Scientists Condemned For Political Bias On Climate Change

5/18/2014
The CRU graph. Note that it is calibrated in tenths of a degree Celsius and that even that tiny amount of warming started long before the late 20th century. The horizontal line is totally arbitrary, just a visual trick. The whole graph would be a horizontal line if it were calibrated in whole degrees -- thus showing ZERO warming

If you doubt global warming you should be

The journal says the Bengtsson paper was rejected on academic grounds.  It would be interesting to see the actual reviewer reports to see just what those "academic" grounds were.  I'll have a bet that they were very shallow.  But given compulsive Warmist secrecy,  I doubt that we will ever see that.  "Hiding" things is essential to their modus operandi

Climate scientists who vilified a colleague for advising a think-tank are “blind to their own biases”, according to a former senior member of the UN’s climate change advisory body.

Mike Hulme, professor of climate and culture at King’s College London, condemned fellow scientists for “harassing” Lennart Bengtsson, and gave warning that climate science had become too political.

Professor Bengtsson resigned this week from the academic advisory council of the Global Warming Policy Foundation, a climate sceptic think-tank, after being subjected to what he described as McCarthy-style pressure from fellow academics.
Professor Hulme, who helped to lead the team that produced the Intergovernmental Panel on Climate Change’s 2001 report, last night broke ranks within the climate science community to defend Professor Bengtsson.

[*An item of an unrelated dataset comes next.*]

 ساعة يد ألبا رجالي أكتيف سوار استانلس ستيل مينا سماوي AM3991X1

He condemned climate scientists who “believe it’s their role to pass public judgment on whether a scientific colleague should offer advice to political, public or a campaigning organisations and to harass that scientist until they ‘fall into line’.”

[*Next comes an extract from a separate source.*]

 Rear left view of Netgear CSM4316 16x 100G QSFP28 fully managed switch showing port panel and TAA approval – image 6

He added that the episode said much about how politicised climate science had become and “how some scientists remain blind to their own biases”.

An academic journal yesterday defended its decision to reject a paper co-authored by Professor Bengtsson and four other leading climate scientists. The paper suggested that the climate might be much less sensitive to greenhouse gases than had been claimed by the IPCC in its report last September. An anonymous reviewer for Environmental Research Letters recommended rejecting the paper and described it as “harmful” because climate sceptics could use it to argue their case.

Nicola Gulley, editorial director at IOP Publishing, which publishes the online journal, said that the rejection was based solely on editorial standards. “The referees selected to review this paper were of the highest calibre and are respected members of the international science community,” she said. IOP declined to name the reviewer.

Joanna Haigh, co-director of the Grantham Institute at Imperial College London, said that external pressure on climate scientists had polarised the debate over global warming into “us and them” camps. “It is regrettable that perceived political stances on the climate issue are apparently so affecting academic activity,” she said.

In a statement last night issued via the University of Reading, where he is a research fellow, Professor Bengtsson said: “I am worried by a wider trend that science is gradually being influenced by political views. Policy decisions need to be based on solid fact.”